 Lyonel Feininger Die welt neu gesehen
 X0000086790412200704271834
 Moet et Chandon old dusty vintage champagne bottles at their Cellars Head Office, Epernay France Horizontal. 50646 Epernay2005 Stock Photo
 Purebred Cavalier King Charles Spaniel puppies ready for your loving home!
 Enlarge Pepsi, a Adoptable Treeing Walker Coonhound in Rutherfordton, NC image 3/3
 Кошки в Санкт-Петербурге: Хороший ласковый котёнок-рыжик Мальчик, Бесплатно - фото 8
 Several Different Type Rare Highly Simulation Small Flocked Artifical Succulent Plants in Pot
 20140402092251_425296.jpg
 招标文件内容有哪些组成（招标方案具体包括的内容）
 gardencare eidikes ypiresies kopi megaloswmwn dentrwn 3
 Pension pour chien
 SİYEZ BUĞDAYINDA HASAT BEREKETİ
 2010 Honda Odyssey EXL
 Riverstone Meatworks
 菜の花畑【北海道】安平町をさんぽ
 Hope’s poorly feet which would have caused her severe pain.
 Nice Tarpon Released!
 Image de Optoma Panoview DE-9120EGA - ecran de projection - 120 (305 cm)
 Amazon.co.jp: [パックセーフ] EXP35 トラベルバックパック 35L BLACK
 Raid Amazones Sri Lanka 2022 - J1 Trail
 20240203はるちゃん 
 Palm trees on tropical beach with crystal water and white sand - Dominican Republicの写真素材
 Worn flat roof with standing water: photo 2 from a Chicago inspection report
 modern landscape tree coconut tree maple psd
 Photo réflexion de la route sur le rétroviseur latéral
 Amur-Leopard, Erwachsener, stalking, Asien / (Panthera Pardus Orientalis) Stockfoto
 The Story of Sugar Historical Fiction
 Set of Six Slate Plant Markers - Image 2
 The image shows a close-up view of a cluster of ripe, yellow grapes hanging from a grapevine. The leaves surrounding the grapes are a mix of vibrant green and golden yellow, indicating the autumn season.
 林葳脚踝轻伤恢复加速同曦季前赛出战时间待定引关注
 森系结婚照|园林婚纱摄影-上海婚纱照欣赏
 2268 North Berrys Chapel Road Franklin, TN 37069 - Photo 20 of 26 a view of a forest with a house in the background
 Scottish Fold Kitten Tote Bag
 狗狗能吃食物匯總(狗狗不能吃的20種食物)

▶ Your goal: Copy every entry exactly. Leave nothing out.

▶ Your solution:
 Lyonel Feininger Die welt neu gesehen
 X0000086790412200704271834
 Moet et Chandon old dusty vintage champagne bottles at their Cellars Head Office, Epernay France Horizontal. 50646 Epernay2005 Stock Photo
 Purebred Cavalier King Charles Spaniel puppies ready for your loving home!
 Enlarge Pepsi, a Adoptable Treeing Walker Coonhound in Rutherfordton, NC image 3/3
 Кошки в Санкт-Петербурге: Хороший ласковый котёнок-рыжик Мальчик, Бесплатно - фото 8
 Several Different Type Rare Highly Simulation Small Flocked Artifical Succulent Plants in Pot
 20140402092251_425296.jpg
 招标文件内容有哪些组成（招标方案具体包括的内容）
 gardencare eidikes ypiresies kopi megaloswmwn dentrwn 3
 Pension pour chien
 SİYEZ BUĞDAYINDA HASAT BEREKETİ
 2010 Honda Odyssey EXL
 Riverstone Meatworks
 菜の花畑【北海道】安平町をさんぽ
 Hope’s poorly feet which would have caused her severe pain.
 Nice Tarpon Released!
 Image de Optoma Panoview DE-9120EGA - ecran de projection - 120 (305 cm)
 Amazon.co.jp: [パックセーフ] EXP35 トラベルバックパック 35L BLACK
 Raid Amazones Sri Lanka 2022 - J1 Trail
 20240203はるちゃん 
 Palm trees on tropical beach with crystal water and white sand - Dominican Republicの写真素材
 Worn flat roof with standing water: photo 2 from a Chicago inspection report
 modern landscape tree coconut tree maple psd
 Photo réflexion de la route sur le rétroviseur latéral
 Amur-Leopard, Erwachsener, stalking, Asien / (Panthera Pardus Orientalis) Stockfoto
 The Story of Sugar Historical Fiction
 Set of Six Slate Plant Markers - Image 2
 The image shows a close-up view of a cluster of ripe, yellow grapes hanging from a grapevine. The leaves surrounding the grapes are a mix of vibrant green and golden yellow, indicating the autumn season.
 林葳脚踝轻伤恢复加速同曦季前赛出战时间待定引关注
 森系结婚照|园林婚纱摄影-上海婚纱照欣赏
 2268 North Berrys Chapel Road Franklin, TN 37069 - Photo 20 of 26 a view of a forest with a house in the background
 Scottish Fold Kitten Tote Bag
 狗狗能吃食物匯總(狗狗不能吃的20種食物)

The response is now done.